Background: Certain post-translational modifications to histones, including H3K4me3, as well as binding sites for the transcription factor STAT1, predict the site of integration of exogenous gamma-retroviruses with great accuracy and cell-type specificity. Statistical methods that were used to identify chromatin features that predict exogenous gamma-retrovirus integration site selection were exploited here to determine whether cell type-specific chromatin markers are enriched in the vicinity of endogenous retroviruses (ERVs).
Results: Among retro-elements in the human genome, the gamma-retrovirus HERV-H was highly associated with H3K4me3, though this association was only observed in embryonic stem (ES) cells (p < 10-300) and, to a lesser extent, in induced pluripotent stem (iPS) cells. No significant association was observed in nearly 40 differentiated cell types, nor was any association observed with other retro-elements. Similar strong association was observed between HERV-H and the binding sites within ES cells for the pluripotency transcription factors NANOG, OCT4, and SOX2. NANOG binding sites were located within the HERV-H 5'LTR itself. OCT4 and SOX2 binding sites were within 1 kB and 2 kB of the 5'LTR, respectively. In keeping with these observations, HERV-H RNA constituted 2% of all poly A RNA in ES cells. As ES cells progressed down a differentiation pathway, the levels of HERV-H RNA decreased progressively. RNA-Seq datasets showed HERV-H transcripts to be over 5 kB in length and to have the structure 5'LTR-gag-pro-3'LTR, with no evidence of splicing and no intact open reading frames.

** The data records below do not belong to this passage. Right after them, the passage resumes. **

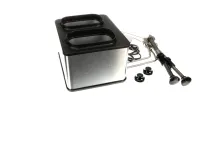 85930 Server alternate view 5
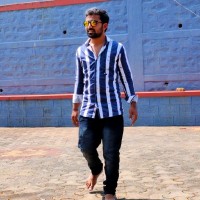 Kantharaj Kantharaj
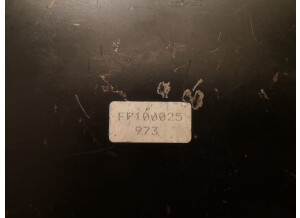 A/DA Final Phase (46494)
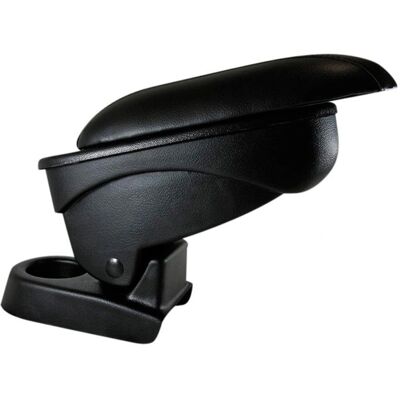 AUTO-STYLE Kangoo II 2008 Állítható karfa - Armrest Slider AUTO-STYLE Kangoo II 2008 Állítható karfa - Armrest Slider
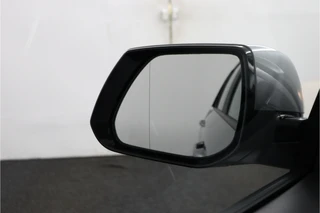 Kia Niro – thumbnail 65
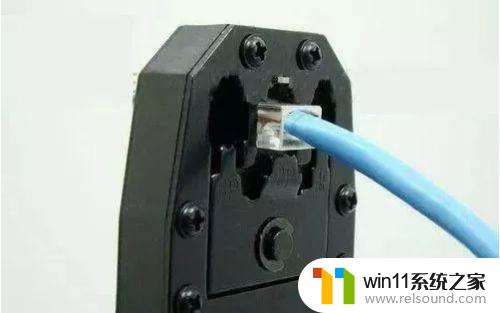 光纤接头与网线接头如何连接 网线和光纤如何连接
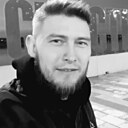 Кайрат, 34 года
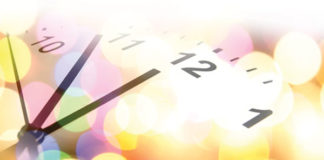 A New Year 2016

Conclusion: The developmental regulation of HERV-H expression, the association of HERV-H with binding sites for pluripotency transcription factors, and the extremely high levels of HERV-H RNA in human ES cells suggest that HERV-H contributes to pluripotency in human cells. Proximity of HERV-H to binding sites for pluripotency transcription factors within ES cells might be due to retention of the same chromatin features that determined the site of integration of the ancestral, exogenous, gamma-retrovirus that gave rise to HERV-H in the distant past. Retention of these markers, or, alternatively, recruitment of them to the site of the established provirus, may have acted post-integration to fix the provirus within the germ-line of the host species. Either way, HERV-H RNA provides a specific marker for pluripotency in human cells.